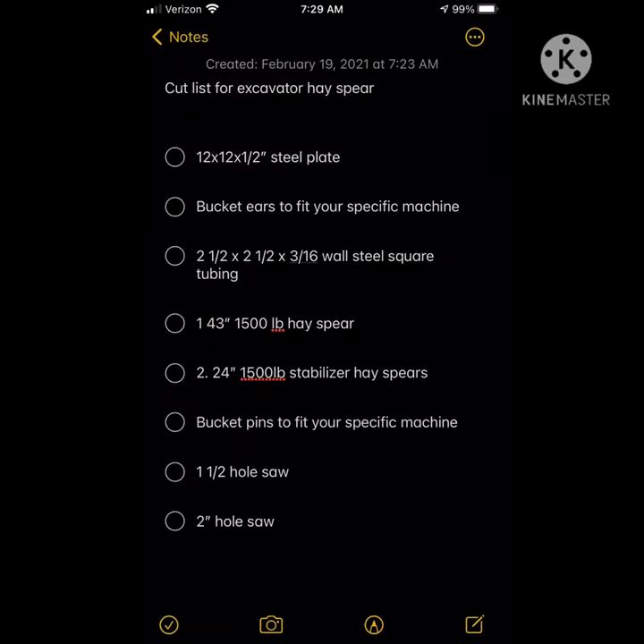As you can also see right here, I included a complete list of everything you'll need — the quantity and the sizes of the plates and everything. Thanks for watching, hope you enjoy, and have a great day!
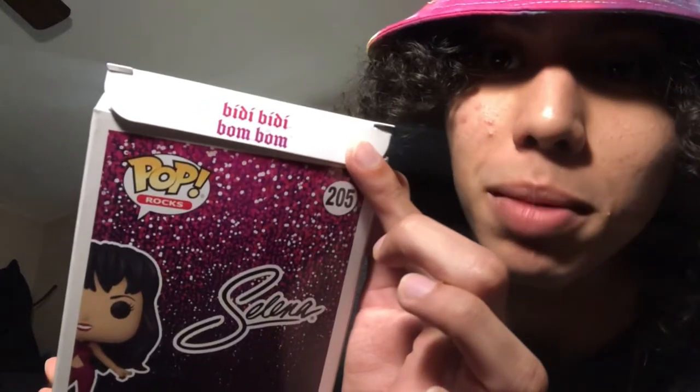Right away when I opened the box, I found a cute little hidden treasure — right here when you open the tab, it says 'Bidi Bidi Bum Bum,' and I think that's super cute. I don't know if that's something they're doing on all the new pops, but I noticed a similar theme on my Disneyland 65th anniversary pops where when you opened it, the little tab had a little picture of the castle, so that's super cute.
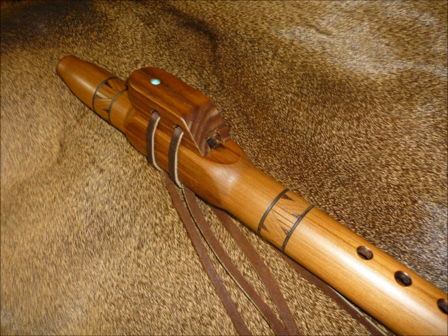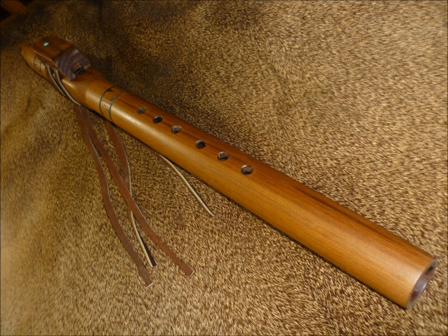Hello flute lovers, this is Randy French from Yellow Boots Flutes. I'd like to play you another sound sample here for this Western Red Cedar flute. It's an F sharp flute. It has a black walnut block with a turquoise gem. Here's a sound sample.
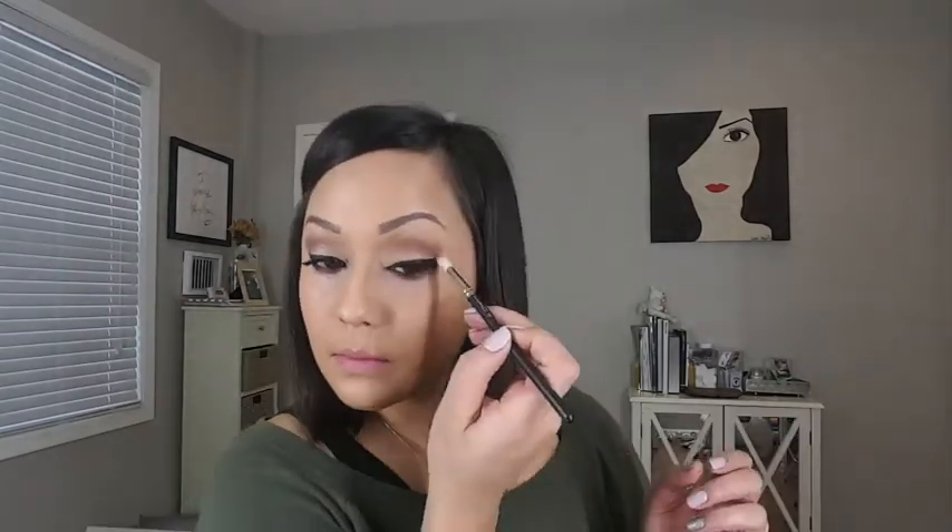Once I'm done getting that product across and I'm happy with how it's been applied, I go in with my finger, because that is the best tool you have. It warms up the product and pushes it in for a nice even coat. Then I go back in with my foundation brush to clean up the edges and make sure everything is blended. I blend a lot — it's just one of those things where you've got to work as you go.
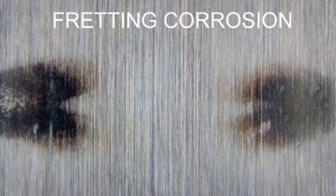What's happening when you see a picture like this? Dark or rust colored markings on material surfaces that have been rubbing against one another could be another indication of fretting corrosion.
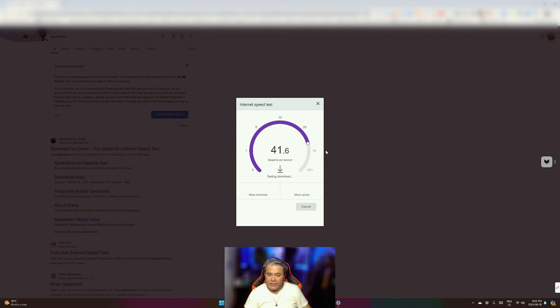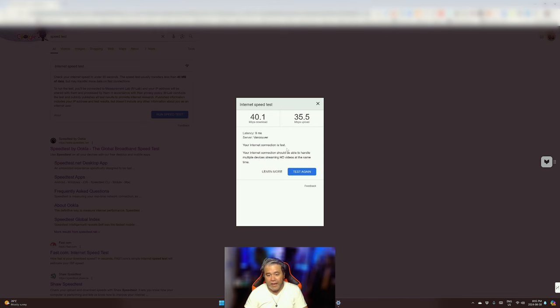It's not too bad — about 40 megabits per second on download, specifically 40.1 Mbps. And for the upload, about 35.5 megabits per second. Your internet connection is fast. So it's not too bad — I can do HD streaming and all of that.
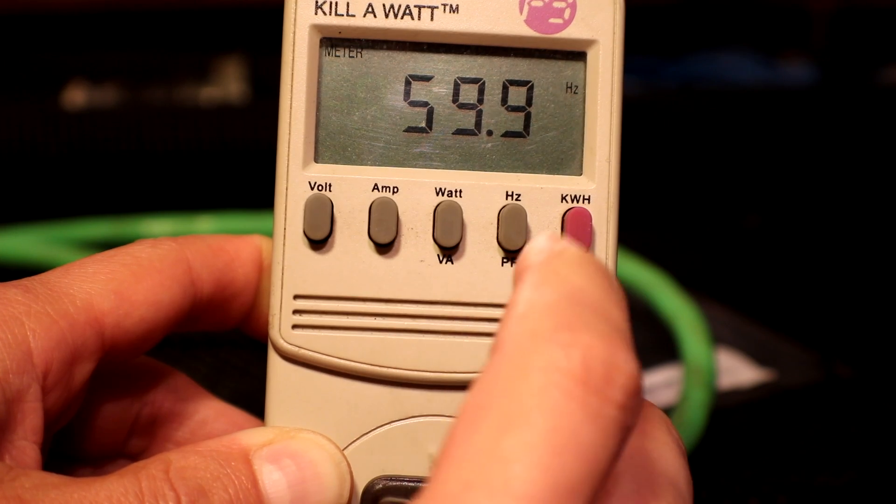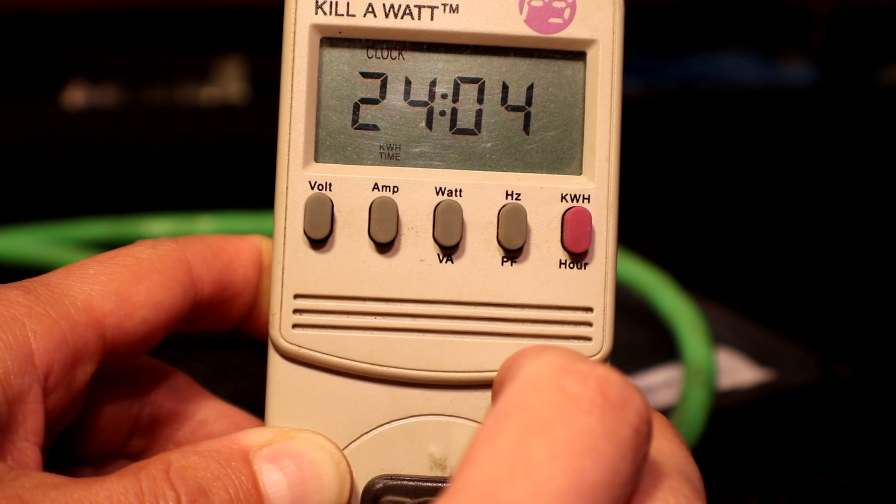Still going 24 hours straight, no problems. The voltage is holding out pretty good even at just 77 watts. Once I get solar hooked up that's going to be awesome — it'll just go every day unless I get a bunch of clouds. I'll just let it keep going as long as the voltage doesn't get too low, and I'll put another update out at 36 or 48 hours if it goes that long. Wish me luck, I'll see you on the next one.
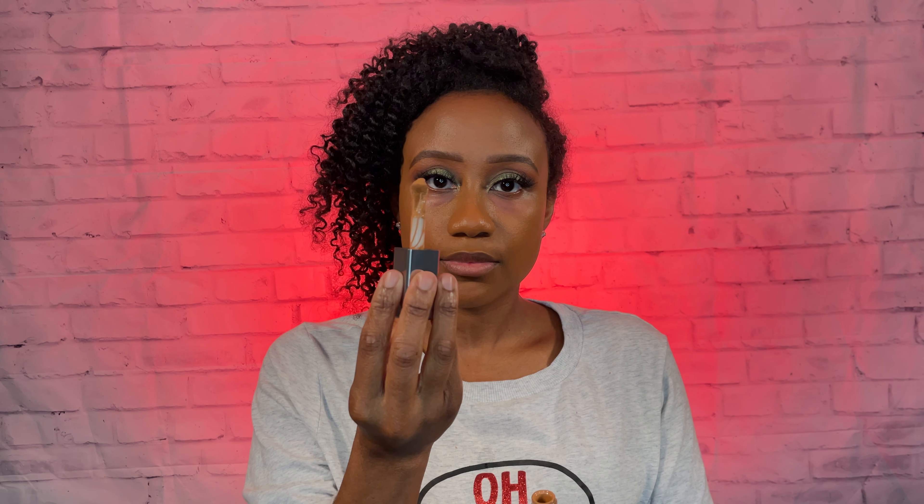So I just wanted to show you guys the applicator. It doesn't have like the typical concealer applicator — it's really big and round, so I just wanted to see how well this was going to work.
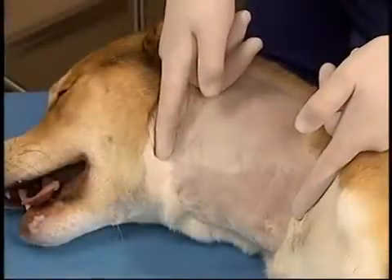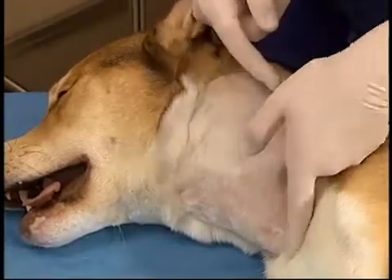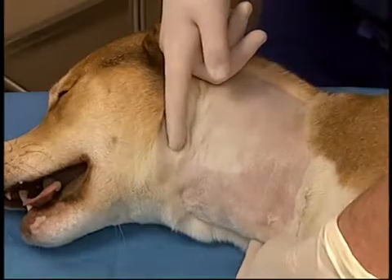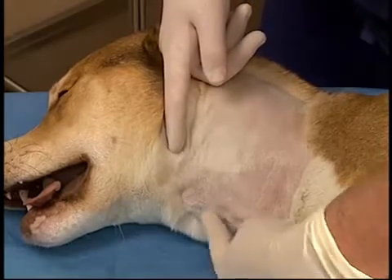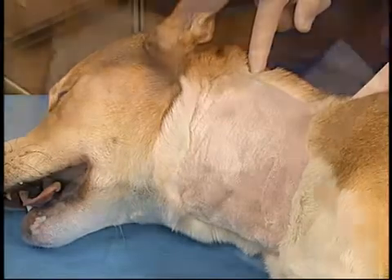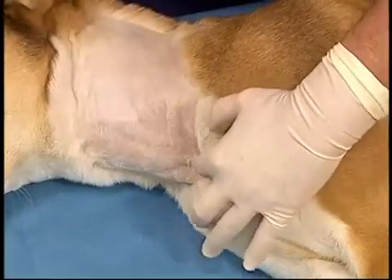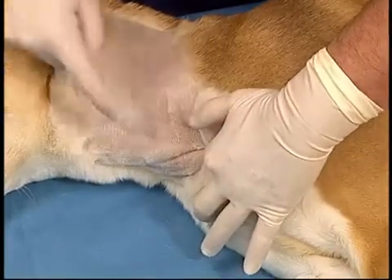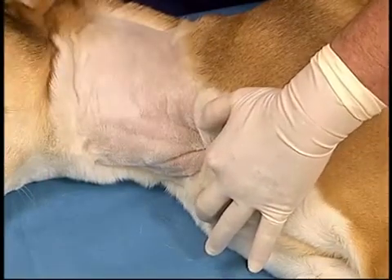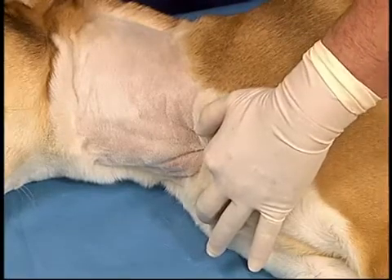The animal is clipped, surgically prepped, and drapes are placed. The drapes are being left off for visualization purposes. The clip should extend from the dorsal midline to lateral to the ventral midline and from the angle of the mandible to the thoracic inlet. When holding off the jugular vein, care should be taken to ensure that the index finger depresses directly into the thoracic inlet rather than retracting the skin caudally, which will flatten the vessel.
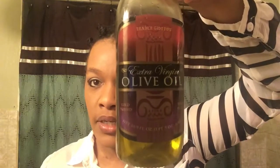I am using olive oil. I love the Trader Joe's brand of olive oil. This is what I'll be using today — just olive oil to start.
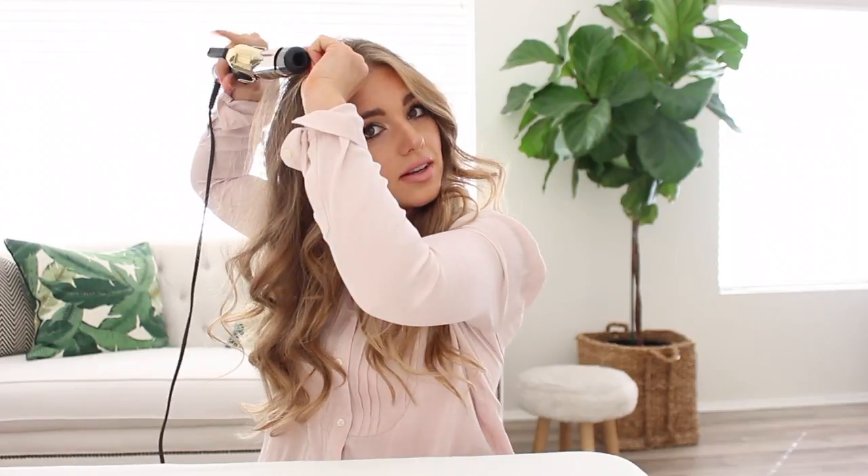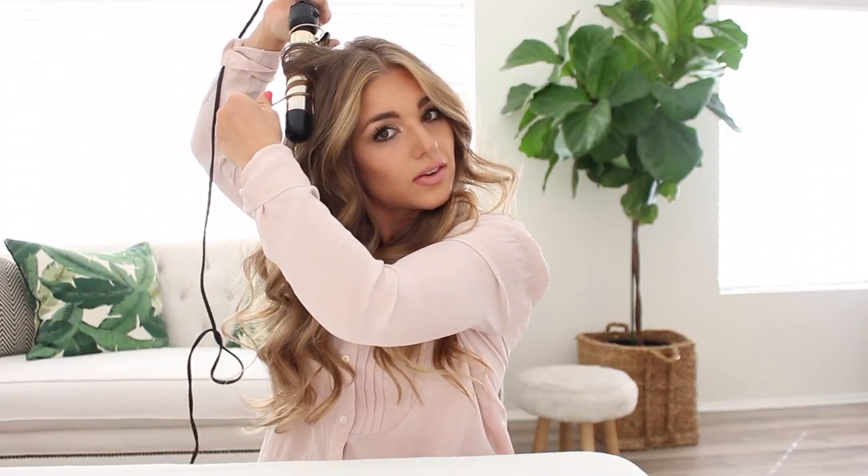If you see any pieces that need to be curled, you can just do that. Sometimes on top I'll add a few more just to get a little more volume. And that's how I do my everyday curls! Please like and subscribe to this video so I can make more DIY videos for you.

:::

■ Work required ■
From the line that contains "I am using olive" to the last line of the records above, copy each line exactly, both ends included, and leave the pictures out.

■ Written solution ■
I am using olive oil. I love the Trader Joe's brand of olive oil. This is what I'll be using today — just olive oil to start.
If you see any pieces that need to be curled, you can just do that. Sometimes on top I'll add a few more just to get a little more volume. And that's how I do my everyday curls! Please like and subscribe to this video so I can make more DIY videos for you.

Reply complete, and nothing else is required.